In people with transfusion-dependent thalassaemia, iron can also build up in the heart. This can lead to heart failure. Excess iron can also affect:
- the glands that control growth, sexual development and fertility
- insulin production, causing diabetes
- the glands that control thyroid hormone
- bone formation.
Deferasirox helps remove excess iron from the liver and heart, reducing damage. It is used by people with transfusion-dependent thalassaemia, sickle cell disorder or anaemias. It can also be used by people with non-transfusion-dependent thalassemia, even if they haven’t had blood transfusions.
Deferasirox is absorbed through the gut and into the bloodstream. It binds to iron either in the bloodstream or in tissues, such as the liver or heart. Once deferasirox binds to the iron, it is eliminated from the body in poo. Very little iron is removed through pee. So, it doesn’t cause pee to turn red unlike other similar medicines such as Desferal®.
Deferasirox comes in a tablet that you swallow. You take it once a day either on an empty stomach or with a light meal. Taking it at the same time each day will help you to remember to take it. If you can’t swallow the whole tablet, you can crush it and sprinkle it on to soft food, such as yogurt or apple puree. You will need to eat the food immediately and finish the whole portion – you should not keep it to eat later.
The dose you take depends on how much iron is in your body and how fast iron is building up. If you have regular blood transfusions, a higher dose may be needed to match the rate the iron builds up. This does not apply if you get blood through an automated exchange transfusion, which is a type of treatment used for some people with sickle cell disorder. If the iron builds up slower than it has in the past, a smaller dose will usually be needed to lower the iron levels in your body. As the iron levels fall, the dose may be reduced. Doses often need to reduce when ferritin falls below 1000µg/L or if the fall in ferritin is too rapid.

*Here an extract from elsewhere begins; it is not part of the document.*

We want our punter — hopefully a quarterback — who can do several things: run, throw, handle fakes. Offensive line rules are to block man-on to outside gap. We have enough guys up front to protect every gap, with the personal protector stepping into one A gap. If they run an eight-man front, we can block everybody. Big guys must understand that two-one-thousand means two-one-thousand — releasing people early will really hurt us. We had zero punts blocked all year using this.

If we keep giving high doses of deferasirox when your iron levels drop, there’s a risk of ‘over-chelation,’ which can lead to more side effects. To avoid this, we’ll monitor your iron levels closely and adjust your dose if necessary.

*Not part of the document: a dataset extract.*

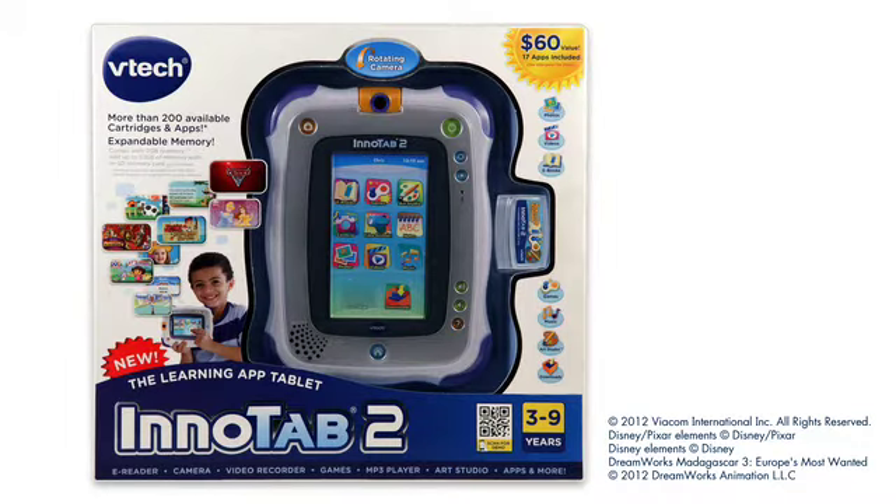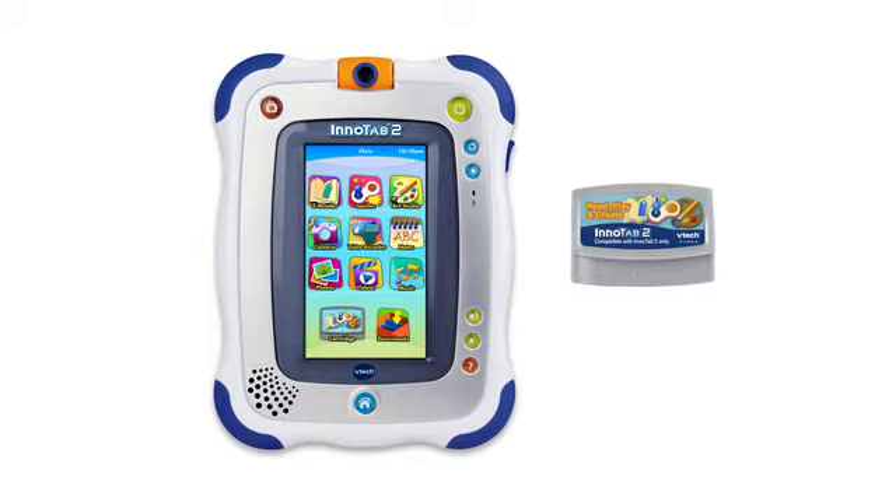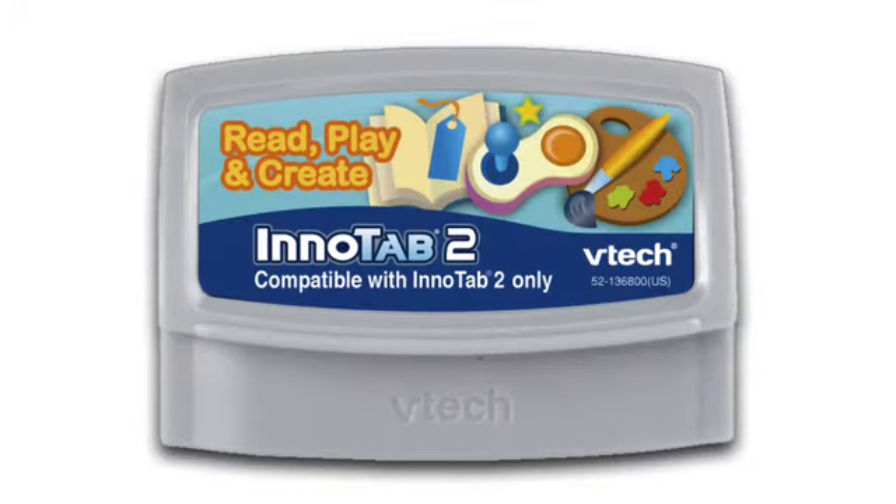However, please note that cartridges that were included with a tablet in the original box are only compatible with that specific type of tablet. For example, the InnoTab 2 Read, Play, and Create cartridge is only compatible with InnoTab 2. Bundled cartridges that are compatible only with a specific tablet have a note on the label.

If taking deferasirox alone doesn’t lower your iron levels enough, it can be combined with another chelator. There is lots of evidence that using deferasirox with another chelator is effective and generally well tolerated.
We’ll check your iron levels in your blood. Whether they go up or down will tell us how well the treatment is working. This is the same as with other chelator treatments.
An MRI scan of your liver and heart can be done to check the amount of iron in your body and if the dose needs to be adjusted. You will have an MRI scan about once a year.
Like any medicine, deferasirox causes side effects. These are more likely if the dose is too high.
The side effects of deferasirox have been carefully studied in large clinical trials. So, we have a good understanding of how often they happen.
The most common side effects include:
- Mild stomach discomfort pain, nausea, vomiting, diarrhoea and constipation (lasting about eight days). If you have these symptoms, it is unlikely that we will adjust the dose of deferasirox or stop it. If the symptoms persist, please talk to the doctor who prescribed it. These symptoms normally occur in about 15 out of 100 people.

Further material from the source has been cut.